あノンキだね

晴。
最近、おもしろく読み終えた本のうちの一冊が、添田知道『演歌の明治大正史』(岩波新書)。知道は筆名で、本名はさつきという。唖蝉坊添田平吉の長男である。
以下メモ。『ジゴマ』(p.157)。『東京節』の囃し言葉「ラメチャンタラ…」は母から聞いたことがあり知っていたのだが(足立巻一『やちまた』の最初のほうに出て来る「ギッチョンチョン」は、「ラメチャンタラ」につづくものである*1)、「いきな構への帝劇に」から「ポッポと出る汽車どこへ行く」までの歌詞(p.189)は初めて知った。小津安二郎の『東京物語』で、たしか村瀬禪が「あーノンキだねー」と不貞腐れるあのセリフは、どうやら『ノンキ節』(pp.178-79)の囃し言葉であったらしい。『美しき天然』のメロディと『女囚さそり 第41雑居房』の白石加代子(いつ頃から見世物小屋で流れていたか)。

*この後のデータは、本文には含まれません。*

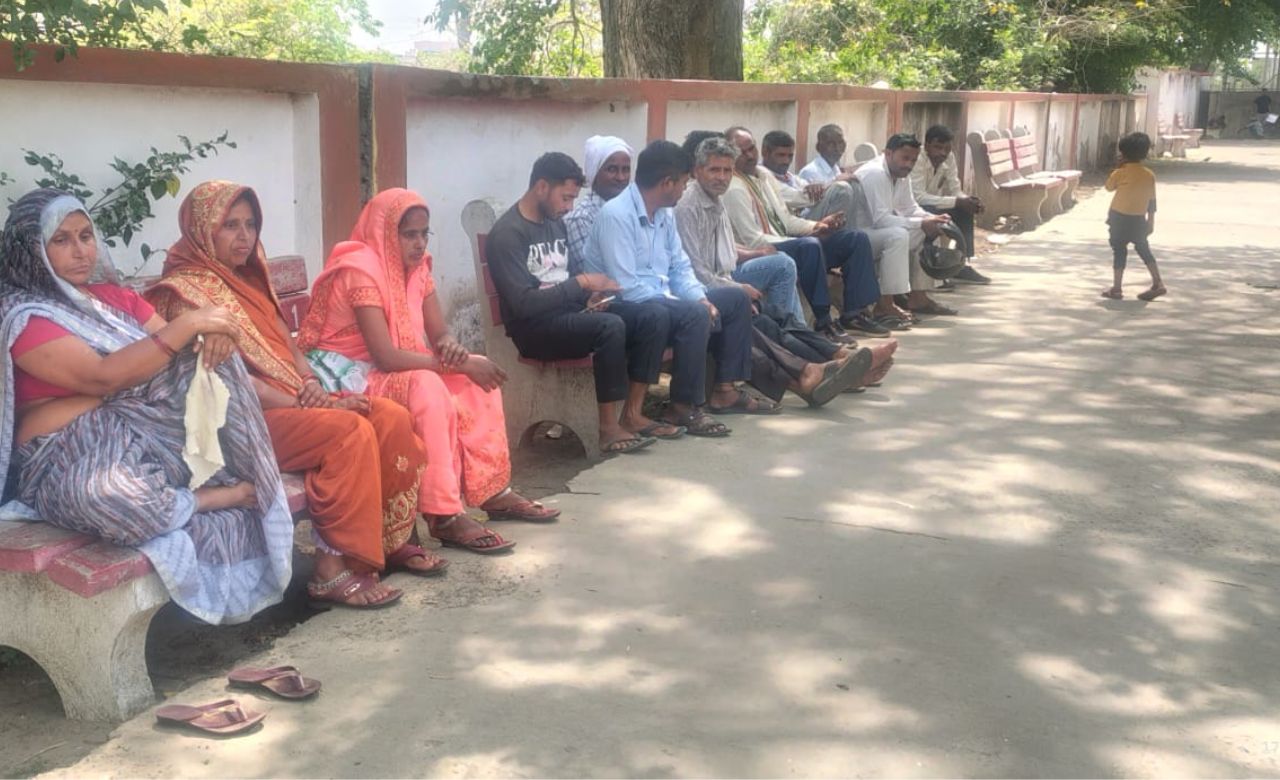 Budaun News: तालाब में शव मिलने से गांव में दहशत, परिजनों ने जताई हत्या की आशंका; पढे़ं पूरी खबर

「悪魔の辞典」を思わせる『当世字引歌』(p.131)に、「『坊主』は『オキョウノチクオンキ』」(「うるさい人」を「蓄音機」に譬えて云うのはいつ頃までか)。

「アップク、チキリキ、アッパッパア……アッパッパア……」
お下を埃でお化粧した女の子達が、道の真ん中に輪を作って歌っていた。アッパッパアアアア……という涙ぐましい旋律が、霞んだ春の空へのんびりと蒸発して行った。
江戸川乱歩『白昼夢』,光文社文庫版『屋根裏の散歩者』所収,p.429)

この歌、以前から気になっていたけど、『隆盛節』の一節だったのか(p.113)。

*1:同じく『やちまた』に出て来る「マックロケノケ」は、『マックロ節』の一節である。